Encendió el ventilador, y me dijo que me sentara que enseguida volvía con dos tazas de café. Me senté y vi la heladera y los sifones de soda junto a la mesada. Dijo algo sin levantar la voz, como si los objetos le resultaran indiferentes o no le recordaran la medida de quienes los habían creado. e inmediatamente después escuché la impresión que le había dejado la conversación con un vecino esa mañana. El cuarto, el brillo grisaceo de la ventana, era imposible intuir lo que el patio dejaba. Volvió con las tazas y las apoyó en el escritorio, y se sentó en la silla de la computadora. Le pregunté si reservaba algún momento del día para escuchar música, o si la disfrutaba mientras hacía otras cosas. Me dijo que cuando era muy joven solía pasar horas con las obras de compositores que lo conmovían. Que el mundo cabía en esas emociones mientras el tiempo era un capricho que las devoraba. Sonrió, y miró la pantalla, la pared enyesada, el aire que revotaba. Pensé que en ese espacio compartido podía sentir la gracia de haber existido. Pero no lo dije. No me atreví a decírselo. Era algo tan íntimo que parecía desconocer la presencia de alguien querido.

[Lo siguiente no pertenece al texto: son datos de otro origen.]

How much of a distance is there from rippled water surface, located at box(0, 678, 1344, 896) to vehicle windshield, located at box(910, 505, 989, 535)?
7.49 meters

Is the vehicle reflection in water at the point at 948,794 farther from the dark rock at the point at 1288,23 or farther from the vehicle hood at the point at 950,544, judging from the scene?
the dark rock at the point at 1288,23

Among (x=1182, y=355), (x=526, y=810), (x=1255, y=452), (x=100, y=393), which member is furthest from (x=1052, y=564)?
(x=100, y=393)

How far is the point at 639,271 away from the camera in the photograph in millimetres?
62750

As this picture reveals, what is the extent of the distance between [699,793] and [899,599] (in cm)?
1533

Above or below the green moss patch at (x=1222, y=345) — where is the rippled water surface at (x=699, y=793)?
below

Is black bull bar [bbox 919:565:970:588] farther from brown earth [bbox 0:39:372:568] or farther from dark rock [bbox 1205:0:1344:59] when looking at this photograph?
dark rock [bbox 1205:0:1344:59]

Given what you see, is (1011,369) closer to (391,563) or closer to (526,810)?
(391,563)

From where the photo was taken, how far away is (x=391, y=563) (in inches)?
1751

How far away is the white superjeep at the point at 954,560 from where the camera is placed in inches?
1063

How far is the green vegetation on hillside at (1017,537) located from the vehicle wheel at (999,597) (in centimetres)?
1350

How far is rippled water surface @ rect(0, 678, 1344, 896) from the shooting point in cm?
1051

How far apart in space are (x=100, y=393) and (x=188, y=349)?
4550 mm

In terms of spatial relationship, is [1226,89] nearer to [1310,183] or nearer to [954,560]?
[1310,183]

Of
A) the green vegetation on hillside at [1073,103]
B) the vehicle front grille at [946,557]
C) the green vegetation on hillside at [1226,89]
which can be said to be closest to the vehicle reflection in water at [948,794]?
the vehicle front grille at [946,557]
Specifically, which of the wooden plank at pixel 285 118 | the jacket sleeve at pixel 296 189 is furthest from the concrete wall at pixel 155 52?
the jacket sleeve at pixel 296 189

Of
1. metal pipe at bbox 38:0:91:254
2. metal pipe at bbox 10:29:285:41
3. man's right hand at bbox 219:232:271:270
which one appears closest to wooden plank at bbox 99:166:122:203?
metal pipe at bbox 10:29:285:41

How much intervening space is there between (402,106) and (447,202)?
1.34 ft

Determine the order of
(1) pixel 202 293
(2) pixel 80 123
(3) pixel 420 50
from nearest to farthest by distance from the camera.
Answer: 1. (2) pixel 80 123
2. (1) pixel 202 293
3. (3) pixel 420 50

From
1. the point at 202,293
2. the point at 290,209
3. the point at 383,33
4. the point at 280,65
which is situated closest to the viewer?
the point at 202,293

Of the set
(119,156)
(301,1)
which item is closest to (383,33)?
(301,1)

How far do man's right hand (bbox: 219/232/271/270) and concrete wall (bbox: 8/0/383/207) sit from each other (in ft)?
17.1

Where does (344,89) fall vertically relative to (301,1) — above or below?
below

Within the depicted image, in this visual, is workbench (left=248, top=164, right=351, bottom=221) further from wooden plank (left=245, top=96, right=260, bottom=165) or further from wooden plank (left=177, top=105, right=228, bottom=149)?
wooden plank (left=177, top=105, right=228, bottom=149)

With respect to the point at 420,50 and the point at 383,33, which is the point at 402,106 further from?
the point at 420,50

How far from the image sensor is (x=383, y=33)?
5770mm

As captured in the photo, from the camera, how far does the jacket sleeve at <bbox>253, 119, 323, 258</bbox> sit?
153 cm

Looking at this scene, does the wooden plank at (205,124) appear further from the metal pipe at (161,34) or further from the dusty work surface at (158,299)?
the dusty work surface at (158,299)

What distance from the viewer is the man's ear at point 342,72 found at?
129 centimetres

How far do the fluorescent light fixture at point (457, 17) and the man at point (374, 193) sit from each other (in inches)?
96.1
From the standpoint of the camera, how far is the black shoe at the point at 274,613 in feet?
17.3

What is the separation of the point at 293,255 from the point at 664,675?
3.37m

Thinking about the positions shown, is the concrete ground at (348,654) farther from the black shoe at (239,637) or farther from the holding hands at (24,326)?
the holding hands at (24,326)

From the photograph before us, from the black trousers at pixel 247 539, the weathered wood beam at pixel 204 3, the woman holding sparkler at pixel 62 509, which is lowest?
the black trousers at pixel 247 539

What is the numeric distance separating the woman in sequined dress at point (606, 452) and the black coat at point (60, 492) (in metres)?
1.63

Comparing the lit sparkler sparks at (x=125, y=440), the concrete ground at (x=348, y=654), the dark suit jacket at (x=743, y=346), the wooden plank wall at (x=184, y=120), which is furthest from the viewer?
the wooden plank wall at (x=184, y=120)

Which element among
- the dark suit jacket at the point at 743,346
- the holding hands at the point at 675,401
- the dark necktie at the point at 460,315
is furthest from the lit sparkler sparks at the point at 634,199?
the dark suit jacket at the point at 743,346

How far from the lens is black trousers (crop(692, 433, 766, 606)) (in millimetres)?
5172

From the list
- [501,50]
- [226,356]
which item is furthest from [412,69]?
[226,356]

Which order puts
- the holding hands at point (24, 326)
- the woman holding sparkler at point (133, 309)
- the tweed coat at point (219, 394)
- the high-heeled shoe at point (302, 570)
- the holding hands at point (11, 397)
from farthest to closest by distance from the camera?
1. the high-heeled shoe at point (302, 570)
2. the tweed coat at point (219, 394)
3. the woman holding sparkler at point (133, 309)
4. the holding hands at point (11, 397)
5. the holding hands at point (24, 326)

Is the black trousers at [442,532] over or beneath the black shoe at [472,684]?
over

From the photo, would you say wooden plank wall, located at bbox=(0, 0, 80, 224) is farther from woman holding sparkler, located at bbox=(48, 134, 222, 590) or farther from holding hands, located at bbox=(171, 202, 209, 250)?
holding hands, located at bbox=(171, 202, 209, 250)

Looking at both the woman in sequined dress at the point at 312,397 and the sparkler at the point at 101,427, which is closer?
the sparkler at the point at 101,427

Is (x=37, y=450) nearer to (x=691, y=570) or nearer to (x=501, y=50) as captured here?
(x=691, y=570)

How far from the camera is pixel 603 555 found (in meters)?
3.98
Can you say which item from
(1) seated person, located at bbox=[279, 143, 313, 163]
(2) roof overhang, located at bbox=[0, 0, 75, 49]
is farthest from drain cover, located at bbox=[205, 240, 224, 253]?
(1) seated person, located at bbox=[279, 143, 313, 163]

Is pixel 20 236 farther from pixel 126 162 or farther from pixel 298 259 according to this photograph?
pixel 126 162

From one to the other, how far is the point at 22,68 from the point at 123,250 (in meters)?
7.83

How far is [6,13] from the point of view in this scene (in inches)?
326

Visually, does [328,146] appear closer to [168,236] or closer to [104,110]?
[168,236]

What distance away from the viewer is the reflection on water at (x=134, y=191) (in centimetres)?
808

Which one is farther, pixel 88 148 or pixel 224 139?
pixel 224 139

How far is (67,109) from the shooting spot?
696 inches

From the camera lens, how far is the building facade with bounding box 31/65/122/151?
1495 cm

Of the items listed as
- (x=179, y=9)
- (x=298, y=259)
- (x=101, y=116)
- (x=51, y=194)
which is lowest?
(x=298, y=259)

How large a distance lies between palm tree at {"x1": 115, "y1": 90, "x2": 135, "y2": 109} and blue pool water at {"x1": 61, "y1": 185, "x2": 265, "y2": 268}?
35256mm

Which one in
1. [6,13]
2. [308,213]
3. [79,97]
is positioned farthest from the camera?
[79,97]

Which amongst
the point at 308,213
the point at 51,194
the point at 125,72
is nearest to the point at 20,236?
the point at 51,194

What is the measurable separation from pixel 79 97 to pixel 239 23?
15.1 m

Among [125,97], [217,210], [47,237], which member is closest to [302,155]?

Estiró las piernas y se llevó la taza. Por el respaldar de la silla pude ver las letras que señaló con el dedo índice como si fuesen un regalo. Lo escuché. Otra vez. Su voz, su acento que bajaba y subía y volvía a suspender lo que me entusiasmaba. Creí que ya lo había escuchado, o que lo había leído y que tal vez nunca lo había imaginado. Abrió el libro, con las mismas letras y el mismo color azabache, oraciones sueltas en hojas apretadas. Tenía diecisiete años, y lo que veía era todo y no se parecía a nada. Pensamientos, reflexiones, pausas, desconocimiento, recuerdos despojados del tiempo, esas hojas marcaban las páginas que releía todas las semanas. Pensé en mi obsesión incrédula, en las míticas preguntas que intentaba responder para considerar a los pensamientos tan concretos como la abstracción de los planteos matemáticos. Juntó las hojas, y las guardó debajo de la tapa. Las manos eran más claras que el sol de media mañana. La camisa, el pantalón pinzado, la línea curva de los zapatos, estaban ahí. No necesitaba nombrar lo que cualquier palabra aparentaba.